Every line of the data below must be output exactly, with images left out.
[Dataset section]
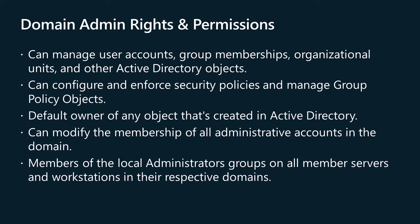Permissions associated with the Domain Admins Group include: Domain Admins have administrative privileges over all computers joined to the domain. This includes domain controllers, servers, and workstations. Domain Admins have the authority to manage user accounts, group memberships, organizational units, and other Active Directory objects throughout the entire domain.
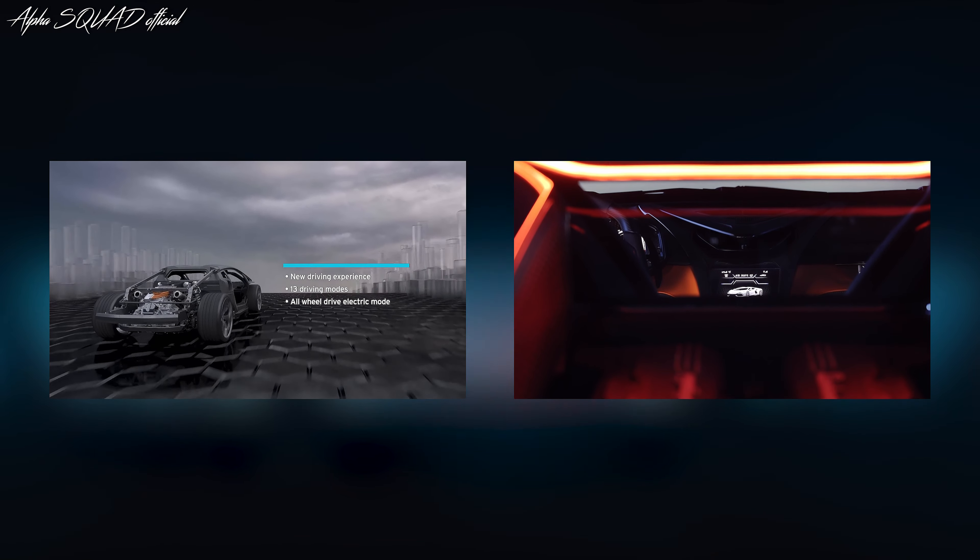Our legendary V12 meets a performance-oriented hybrid system, resulting in a maximum reactive, sharp, and emotional drivetrain. Thereby, the V12 has been rotated by 180 degrees, resulting in a completely new architecture.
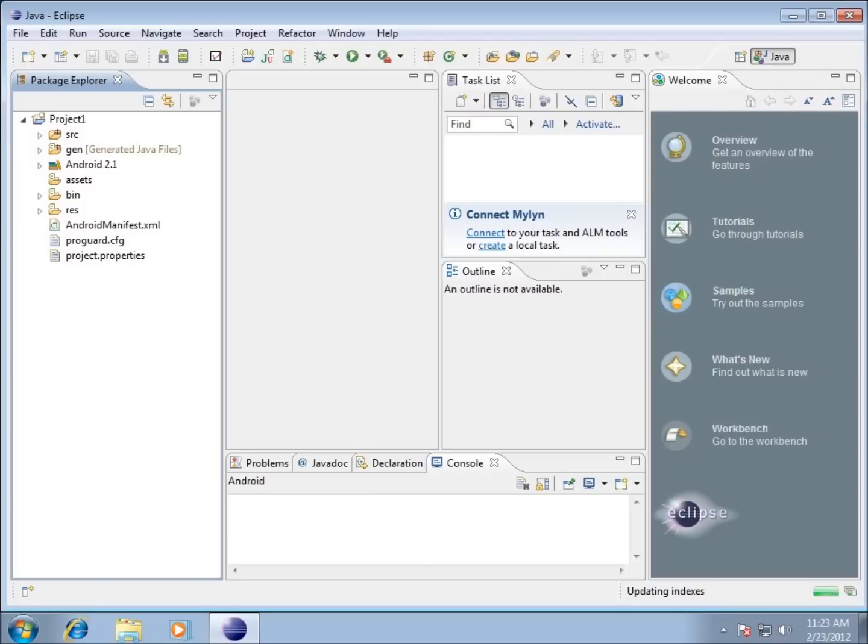In the first video we created our first project, Project One. Now in this video we're going to focus on what was actually created. I expanded the Project One folder that I see here in Eclipse.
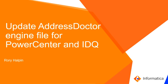Hi, today I'll be showing you how to update the AddressDoctor engine file for PowerCenter and Informatica Data Quality.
[/Dataset section]
▸ Answer below
Permissions associated with the Domain Admins Group include: Domain Admins have administrative privileges over all computers joined to the domain. This includes domain controllers, servers, and workstations. Domain Admins have the authority to manage user accounts, group memberships, organizational units, and other Active Directory objects throughout the entire domain.
Our legendary V12 meets a performance-oriented hybrid system, resulting in a maximum reactive, sharp, and emotional drivetrain. Thereby, the V12 has been rotated by 180 degrees, resulting in a completely new architecture.
In the first video we created our first project, Project One. Now in this video we're going to focus on what was actually created. I expanded the Project One folder that I see here in Eclipse.
Hi, today I'll be showing you how to update the AddressDoctor engine file for PowerCenter and Informatica Data Quality.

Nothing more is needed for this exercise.